Сидевшие сверху всей своей тяжестью вдавливали его в кровать. Не хватало воздуха. Было трудно дышать. Больно прогибался позвоночник.
С него стянули трусы и оголили ягодицы. Что за чертовщина! В анальное отверстие вогнали палку. О-о-о! Как больно! Совершили несколько поступательных движений и крутанули. Пётр сжал зубы и зажмурился. Палку выдернули. Молча соскочили. И, не проронив ни слова, вышли из комнаты.
Пётр остался один.
Он лежал, уткнувшись в подушку, и скрежетал зубами. Потом высморкался прямо в простынь, встал, но не сделал и двух шагов, как его вытошнило. Вывернуло все, что съел за новогодним столом.

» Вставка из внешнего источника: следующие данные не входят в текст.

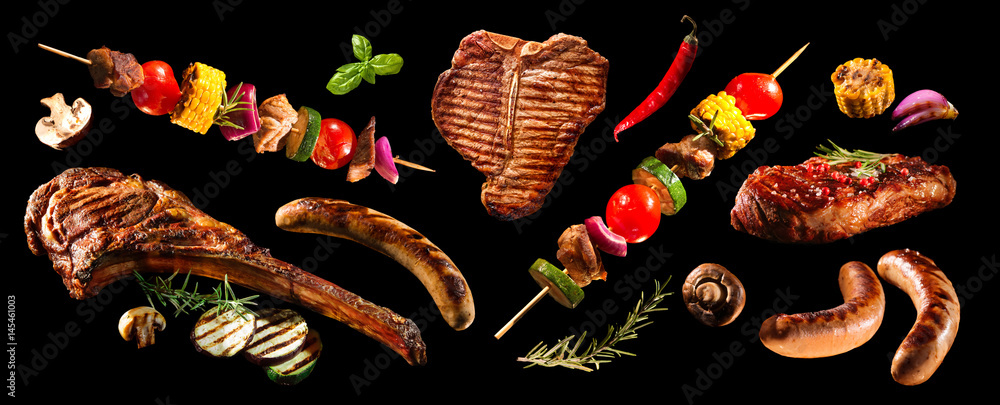 Wall mural collage of various grilled meat and vegetables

Рвотные массы лежали перед ним на полу и отвратительно воняли.
Оставив неубранной блевотину, он направился в душ. Вода смыла пот, смягчила боль, уравновесила энергию. Вышел освежённым, но по-прежнему оскорблённым.
Убрал за собой блевотину. Долго стоял у окна. Хотел вернуться в постель, но увидел кровь и воздержался.
Заметив на стуле куртку, оставленную Антонио, он сорвал её и, размахнувшись, швырнул об пол. И растоптал ногами.
Каков подлец! Каков гадёныш! Убить его мало! Хотя можно и убить!
Он схватил пистолет, который всегда был при нём, и выскочил в коридор. Где этот мерзавец? Ударом ноги вышиб соседнюю дверь, ворвался в комнату, в которой проживал Антонио, но никого там не нашёл.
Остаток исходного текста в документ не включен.